On both issues, the Republicans
who control the House of Representatives have demanded concessions from
Mr Obama and his fellow Democrats in return for funding the government's
continued operation and for raising the debt ceiling.
Chiefly, the Republicans demand the repeal, delay or
defunding of a healthcare reform law - dubbed Obamacare - passed by the
Democrats in 2010.Major portions of that law, which was subsequently validated by the US Supreme Court and was a major issue in the 2012 presidential election, took effect on Tuesday.
'Profound impact' On Wednesday, Mr Obama met the heads of some of Wall Street's biggest banks - including JPMorgan Chase, Goldman Sachs and Bank of America - to discuss the debt ceiling and other economic issues.
Following the meeting, Mr Obama told CNBC "it's important for them to recognise that this is going to have a profound impact on our economy and their bottom lines".
Mr Obama also said he was unwilling to negotiate "with the extremist wing of one party" as the 17 October deadline neared.
"The message I have for the [Congressional] leaders is, as soon as we get a clean piece of legislation that reopens the government... until we get that done, until we make sure that Congress allows [the Department of the Treasury] to pay for things that Congress itself already authorised, we are not going to engage in a series of negotiations," he said.
As foreign markets anxiously monitored the US budget crisis, European Central Bank chief Mario Draghi warned that a protracted shutdown was "a risk not only for the US, but also the world economy".
'Asking for fairness' On Wednesday evening Mr Obama met Republican House Speaker John Boehner, as well as Senate Republican leader Mitch McConnell, Democratic Senate Majority Leader Harry Reid and House Minority Leader Nancy Pelosi at the White House.

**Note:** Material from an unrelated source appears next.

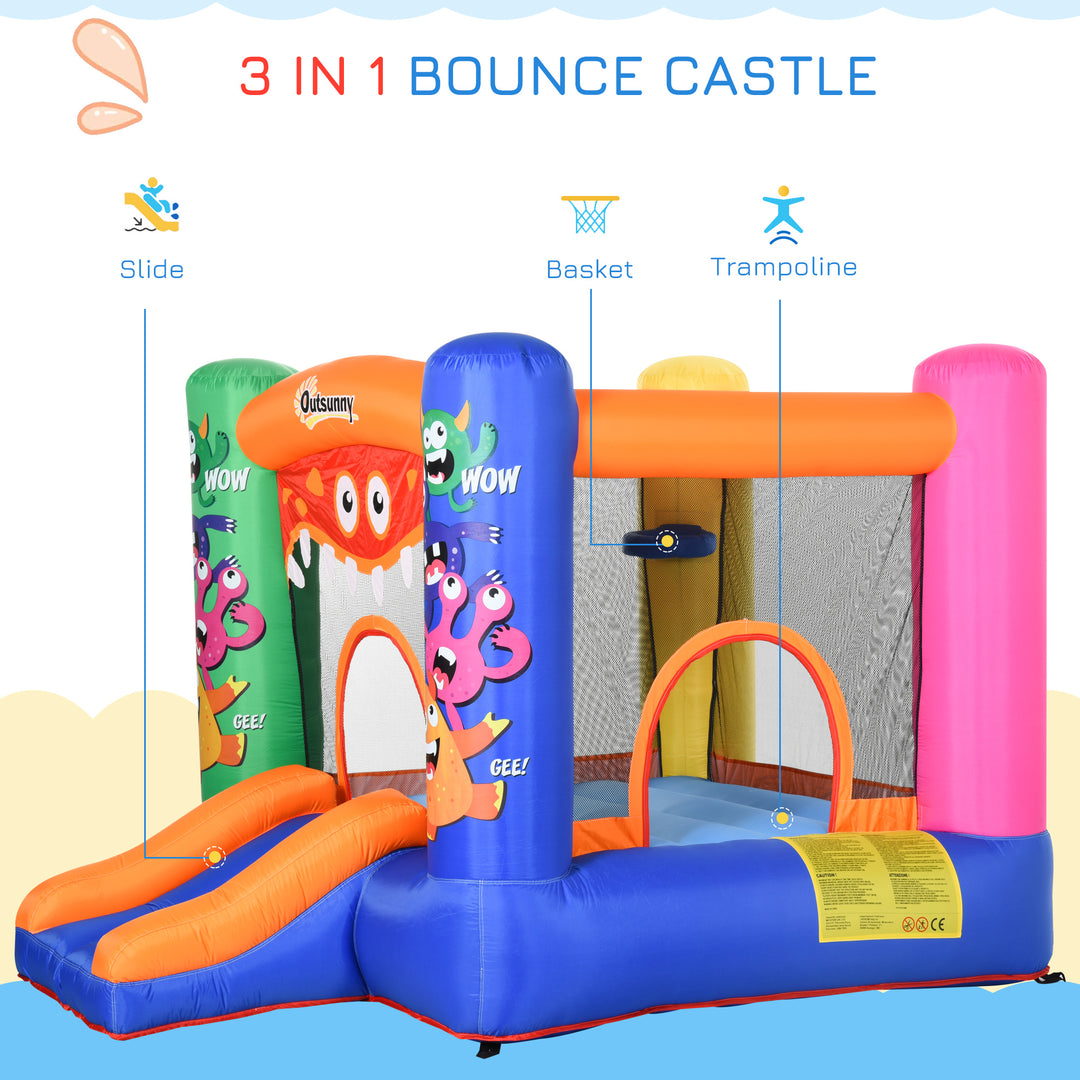 Kids Bounce Castle House Inflatable Trampoline Slide Basket w/ Blower for Kids Age 3-8 2.5 x 1.8 x 1.75m Multi-color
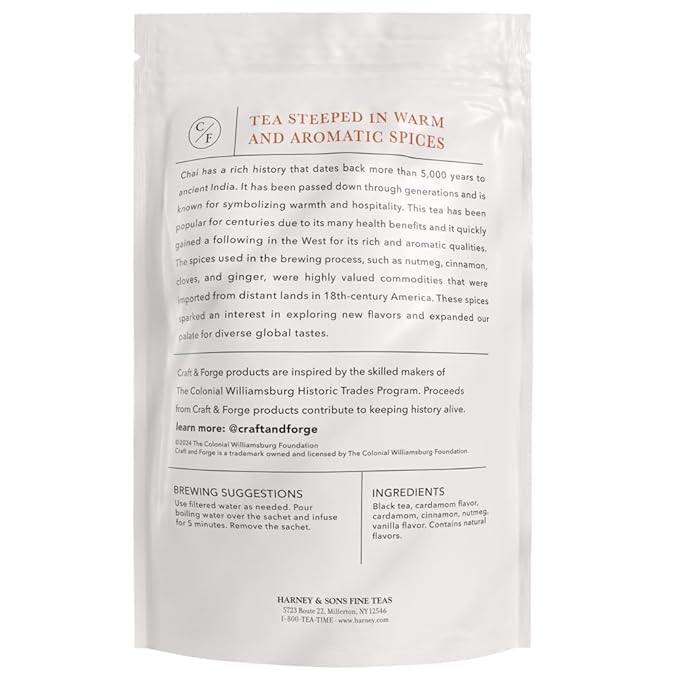 Colonial Williamsburg Craft & Forge Chai Tea, by Harney & Sons, 50ct sachet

Mr Boehner later left the talks complaining that the Democrats would not negotiate.
"All we're asking for here is a discussion and fairness for the American people under Obamacare,'' he told reporters.
Nancy Pelosi, however, accused the Republicans of "moving the goalposts" on the budget deal.
Harry Reid said Democrats were "locked in tight on Obamacare'' and neither the president nor Democrats in Congress would accept changes to the law as the price for a deal on reopening the government.
But doing so would risk his standing with the most conservative elements of his caucus.
Earlier on Wednesday, senior US intelligence officials warned the shutdown of the government seriously damaged the ability of spy agencies to protect the US.
Director of National Intelligence James Clapper told a Senate panel that an estimated 70% of intelligence workers had been placed on unpaid leave.
Also on Wednesday, the White House announced Mr Obama would cut short a planned four-nation tour of Asia next week.
He will attend regional summits in Indonesia and Brunei, but skip Malaysia and the Philippines due to the government shutdown.
The US government ceased operations deemed non-essential at midnight on Tuesday, when the previous budget expired.
National parks and Washington's Smithsonian museums are closed, pension and veterans' benefit cheques will be delayed, and visa and passport applications will go unprocessed.
However, members of the military will be paid.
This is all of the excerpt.